Whale Tales by Alan Lucas
Illustrated from a lithograph of an unnamed whaler launching her harpoon boats, by printmaker Nathaniel Currier, the whale ship Essex was probably similar in most detail. She was the first recorded ship to be attacked by a whale.  Humpback whale numbers along our east coast are said to be increasing at 15 per cent annually and we already know that their migratory habits have become a reliable and lucrative tourist attraction. We also know that Japan wanted to add humpbacks to their annual slaughtering of 1,000 Minke whales for ‘scientific research’.
  Japanese hypocrisy aside, it’s good news that the world’s largest animal, threatened with extinction a few decades ago, not only survives but is actually increasing in numbers despite a body mass demanding an enormous amount of fuel. Maybe our oceans are healthier than we think.
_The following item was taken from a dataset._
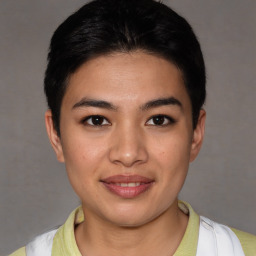 Joyful asian young-adult female with short  brown hair and brown eyes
  Love them as we do, whales can nevertheless be worrying to small-boat sailors, especially at night when they are occasionally heard but not seen. Only recently, while night sailing down the NSW coast, I heard what I thought was a breaching whale but could see nothing despite a brilliant moon in a clear sky. Then, close beneath my vessel, an adult humpback crossed my course like a submarine diving. It was at once a terrifying and beautiful sight, but it was also a reminder that collisions happen when least expected and the possibility of deliberate attack is hard to excise from the mind.
Hunted down by the Cheynes Beach Whaling Co during the year Australia stopped whaling (1978), this sperm whale measured 37-feet long and is on display in the museum at Frenchmans Bay, Albany, WA.  The best-documented attack happened during the early 19th century when American whale ships roamed the world. It was an era of unmitigated slaughter, tempered only by a technology limited to open harpoon boats rowed into action from a mother ship. Little wonder that hunters often found themselves swimming with injured whales amongst the debris of their shattered boats, but in the following case a whale actually sought revenge on the source of the problem – the mother ship!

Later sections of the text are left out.